If the Complaint, had been confined to the subjects of Temper, <and Politeness> I should not have thought it worth while to consider long, in order to determine, which was the most inconvenient to the state <too much> a little too much Asperity, or a little too much good Nature—a little to much Acid, or a little too much Oil.
But when the Complaint becomes so outrageous, as to throw about the World insinuations of Infidelity and Breach of Trust against some of the most faithful and inflexible Men in the Community, it becomes the Cause of every virtuous Man <in the Community>, and such injured Characters must be vindicated or the state undone.
The Publication of this Address to the Universe instead of making it, in Writing to Congress, was a Measure beyond all Example, dangerous and destructive. But enough of this. Good I hope will come out of it, and Lessons will be learn'd from it. Lessons of Moderation are so much wanted that I, even I, am obliged to become a Preacher of that great Virtue. But with as little success, as most other Preachers. So much for ourselves, now for our Ennemies.
Keppells Tryal, has wrought up Parties to a great Heat in England. Tumults and Discontents are very general throughout the three Kingdoms. The two Houses with many Members of opposition in both Houses, seem to be Arranging themselves for Warm Work and Impeachments, are talked of and expected. Whether Paliser will have a Tryal is uncertain—if he should this will probably compleat the Rage and Distraction. Lord Norths Loan has laboured a long time, <and nothing is yet done in it.
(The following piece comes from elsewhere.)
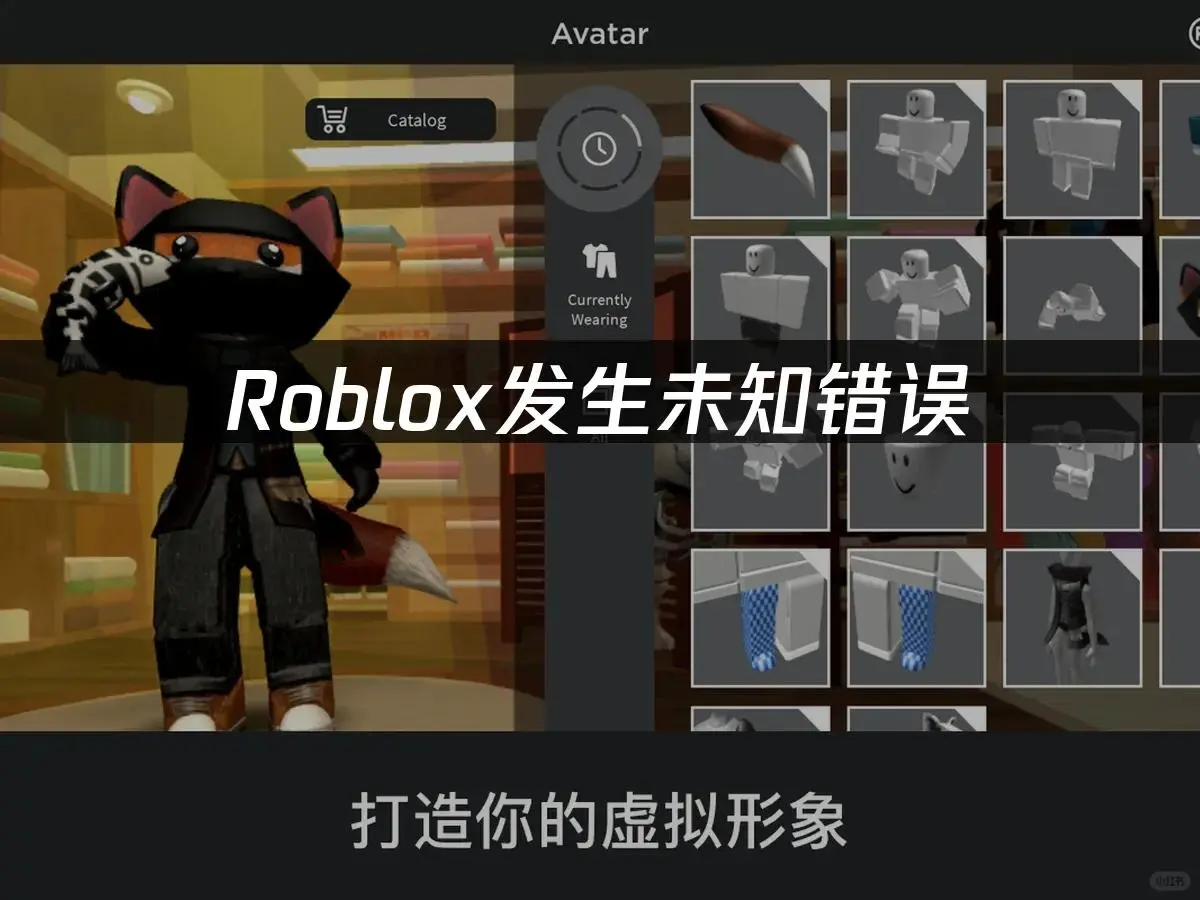 Roblox未知错误？这招秒解决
It witt not suceed this Year for less than seven and half Per Cent.>
it was settled the 23d. at 3 Per Cent for Perpetuity—an Annuity of 3 3/4 Per Cent for 29 Years, and seven Lottery Ticketts for every Thousand Pounds—The Tickett is 10£, but always gains 2 or 3 per Ticket before the Drawing,2
and every Year the War continues, the Interest must be greater, and the Expense greater. Almost all Parties seem to say freely that the Kingdom is undone—yet none of them have sense and spirit enough to propose the only Means, for preventing the Ruin they apprehend. Their Conquest of St. Lucie, will only be a grave to their Troops—of whom they have none to spare.